Saturday, 1 May 2010
How does a writer decide what to write next? Do you stick to the same genre and style as your previous book(s) or strike out in a new direction?
The question was posed by Anne M Leone (one of the Undiscovered Voices winners), after I blogged about my latest book. She wrote: I was wondering how similar you imagine the new book will be to your previous novels about Ty. I've been thinking a lot lately about what one writes after one's first book/series. Did you keep the same setting? Same type of genre/age group? Same themes? Or did you not make any conscious decisions at all, but just write the next idea you had?

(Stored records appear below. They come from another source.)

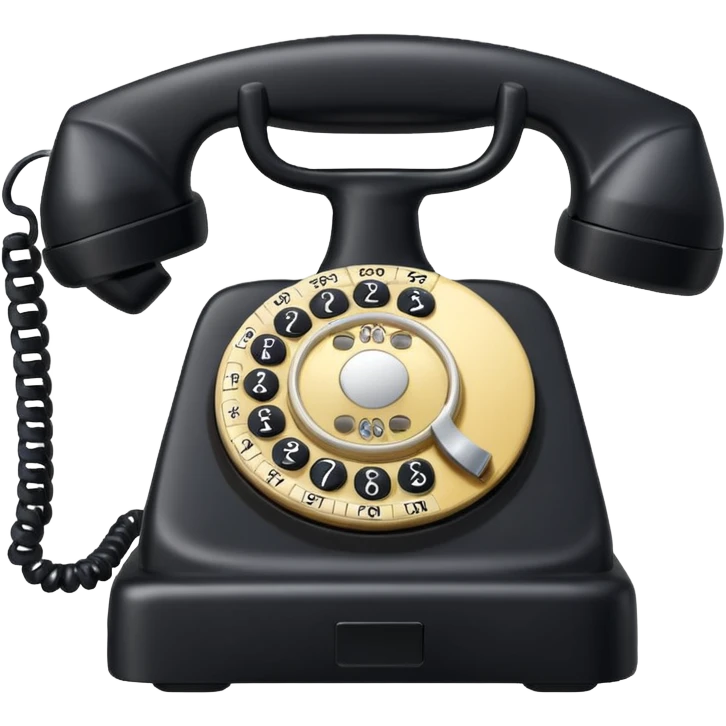 telefono  emoji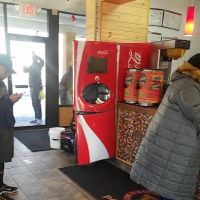 Popeyes Louisiana Kitchen ico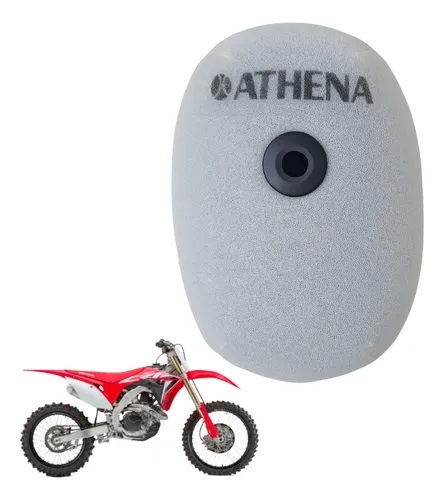 Filtro de Ar Crf 250 R 20/21 - Crf 250 RX 20/21 Athena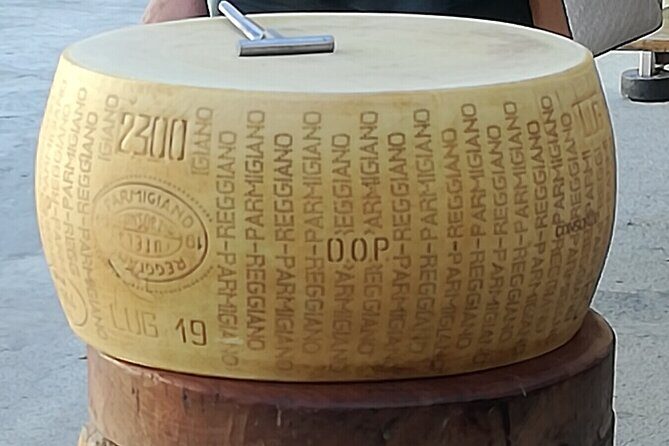 Laura's Private Parma Food Tour with Pick Up (no bus) - Frequently Asked Questions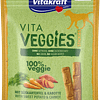 Vitakraft Vita Veggies Stickies Cheese & Potato Dog Treats 80g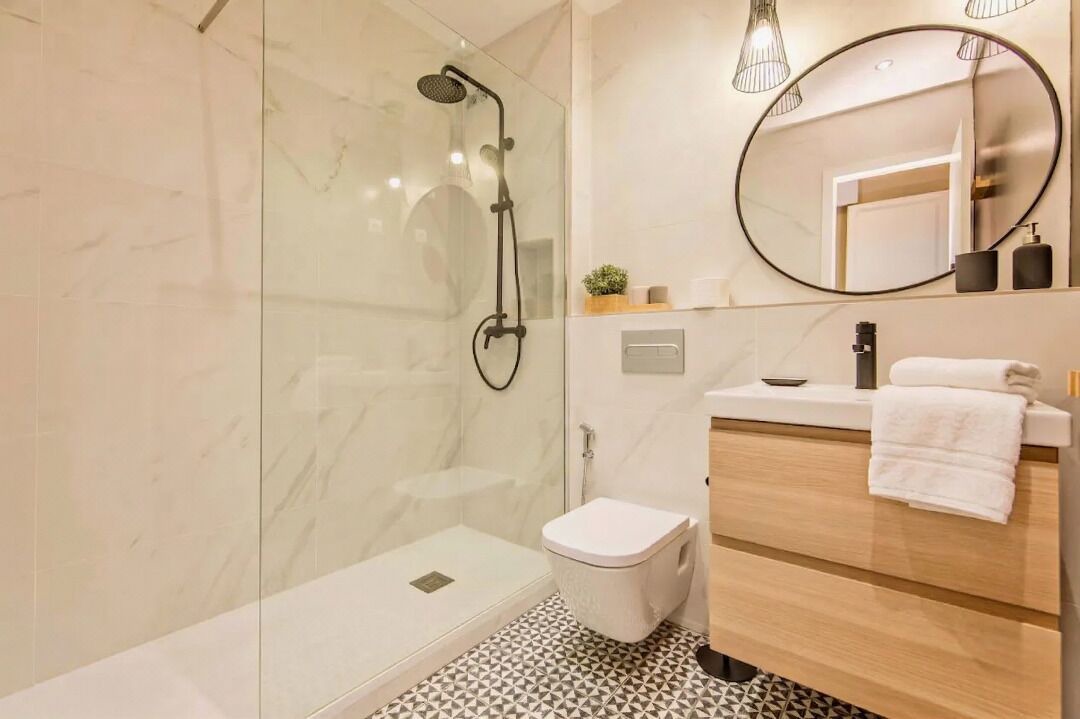 Photo of Bathroom in Sant Antoni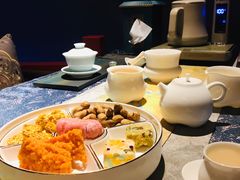 -醉西楼·国风茶社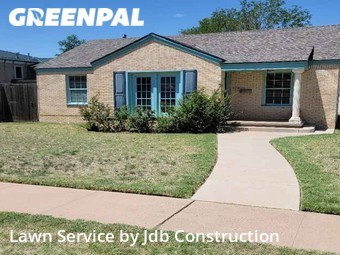 Yard Mowing nearby Amarillo, TX, 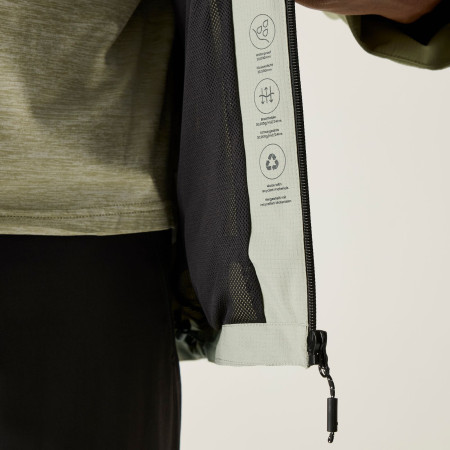 Geacă bărbați Regatta Oklarna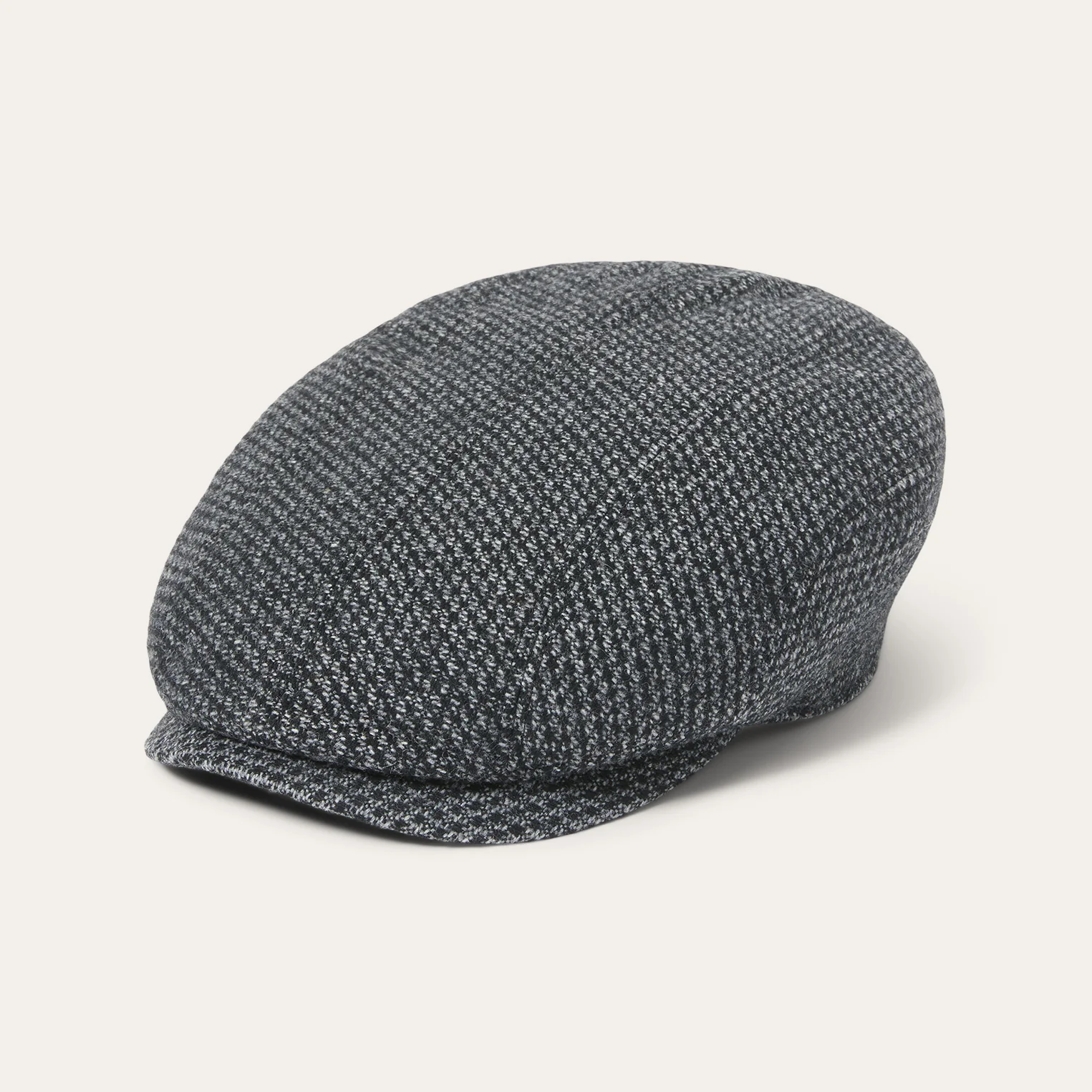 Wool Ivy Cap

I’m very new to writing fiction. Just over two years ago my only experience of creative writing as an adult was failing the Open University Writing Fiction short course, because I couldn’t get my head around the short story form. When I started writing When I Was Joe I was most interested to see if I could actually write a whole book. I didn’t think much beyond that.
When I finished writing Joe I wanted to try writing in two voices. I started work on something about twin boys. I wrote about 15 chapters, then the story fizzled out - mainly because I had no idea where it was meant to be going. I showed it to my writing group. They weren’t keen. Later I showed it to my agent. She didn’t like it. So that one was abandoned…although I’m still perversely fond of it and I might revisit it one day.

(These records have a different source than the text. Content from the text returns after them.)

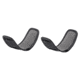 Petzl Swan Comfort Foams, 2 Pack, C062EA00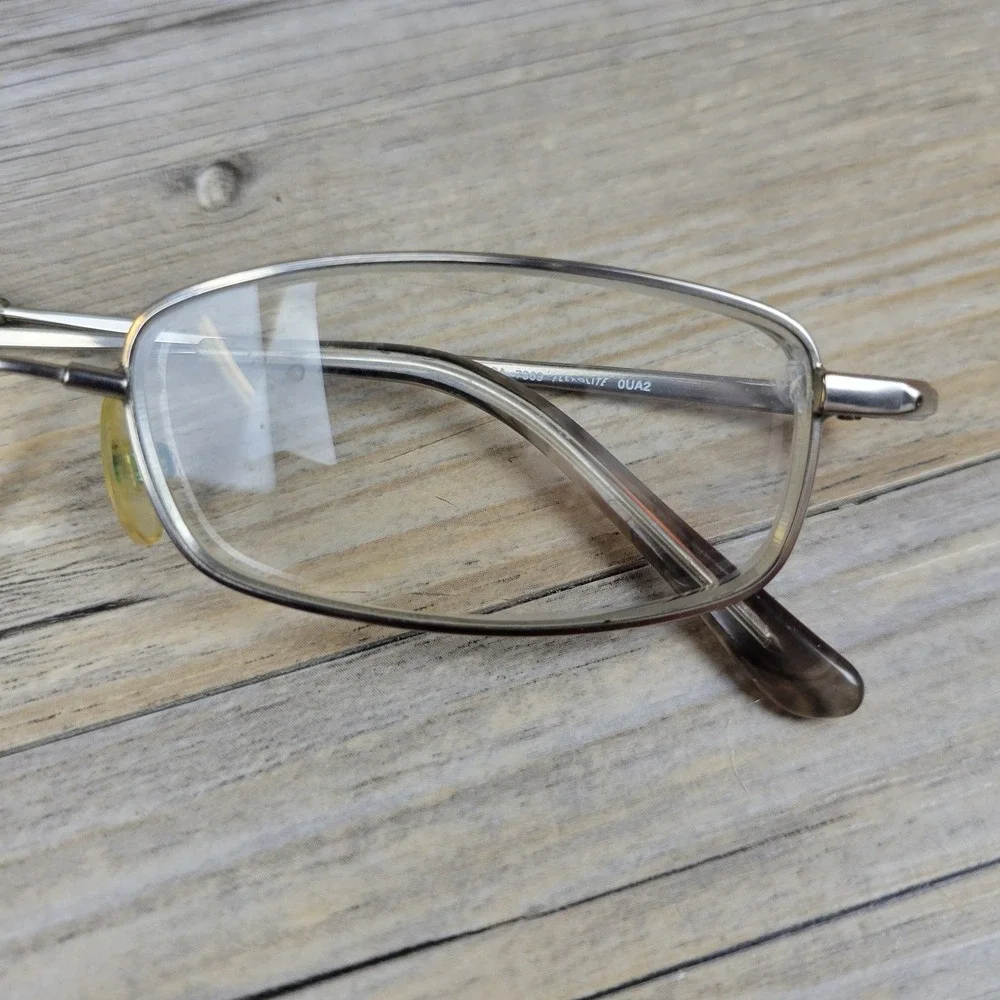 Carrera Eyeglasses Frames CA 7369 Flexolite 0UA2 Rectangular Unisex 49-19-140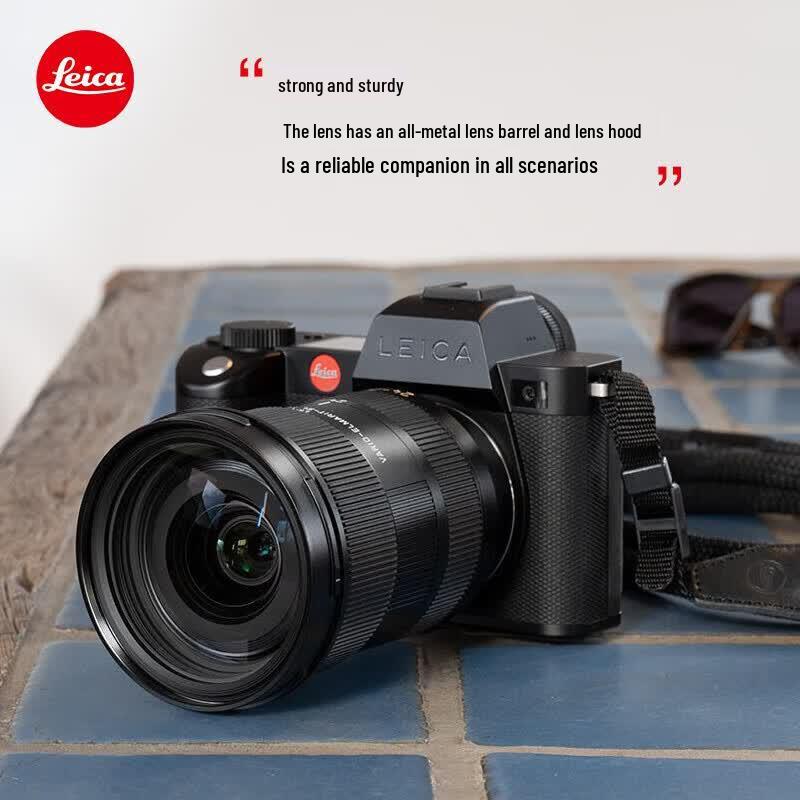 Leica VARIO-ELMARIT-SL 24-70mm f/2.8 ASPH. Lens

Then one day I woke up with a killer first sentence for a sequel to Joe, plus ideas for the first three chapters, and a great chapter ending. I sat down and wrote it, even though I know it was complete madness and a total waste of time to write a sequel when I didn’t even have an agent, let alone a book deal. But I couldn’t stop writing it (and rewriting huge swathes after my writing group had their say). I’d written about a third of Almost True by the time I got a deal for Joe, and my editor at Frances Lincoln read it and offered for that too.

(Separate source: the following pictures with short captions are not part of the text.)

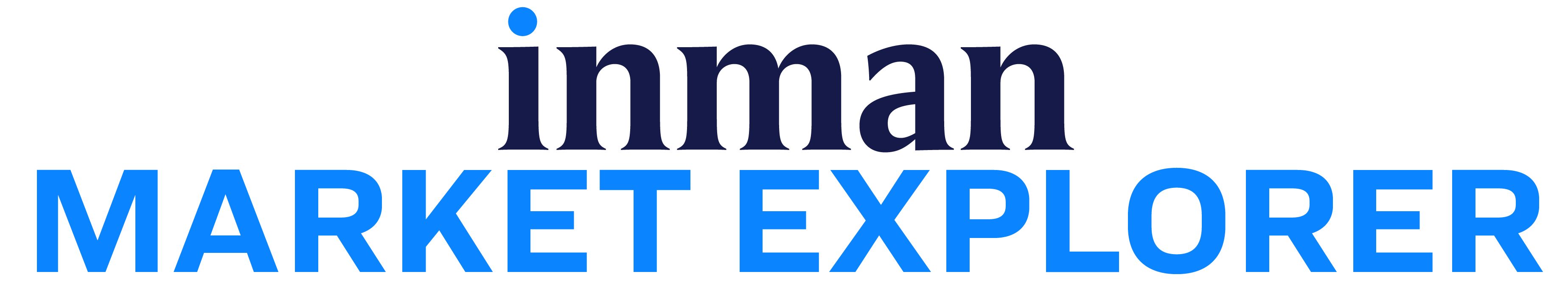 Inman Market Explorer Logo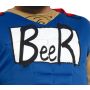 Strój dla mężczyzny Super Piwosz, BeerMan, rozm. S - 10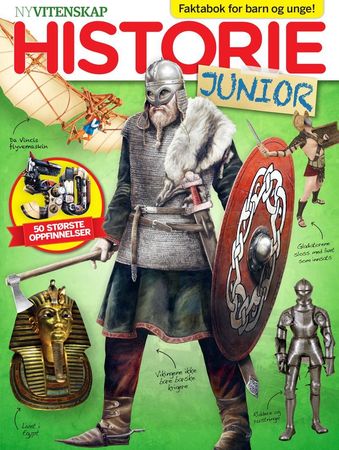 Historie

I finished the first draft of Almost True in October 2009, and had made all the major structural changes by the end of the month.
Then I madly signed up to write a novel in a month. I had a vague dystopia idea knocking around my head. I started writing…and hated it. My narrator felt insipid, the plot was turgid. Clearly I needed time to clear my head, move on from Ty, spend a bit of time thinking up a killer idea.
But it didn’t work like that. Halfway through November I was reading a news story about a big lottery win and wham! I had my new idea. I had the same feeling that I’d had with witness protection. This is a subject I can write about. This is a subject with depth.
So, what stays the same? The setting is London, and it’s contemporary. It’s told in the first person. It’s aimed at teenagers, boys and girls. It’s based on a news story, and I’m researching it much as I would a newspaper or magazine feature. At the heart of it there’s a teenager faced with a life-changing event. I try and build believable rounded characters, I try and keep the pace reasonably fast-moving. I try and create a protagonist who is human and flawed yet sympathetic.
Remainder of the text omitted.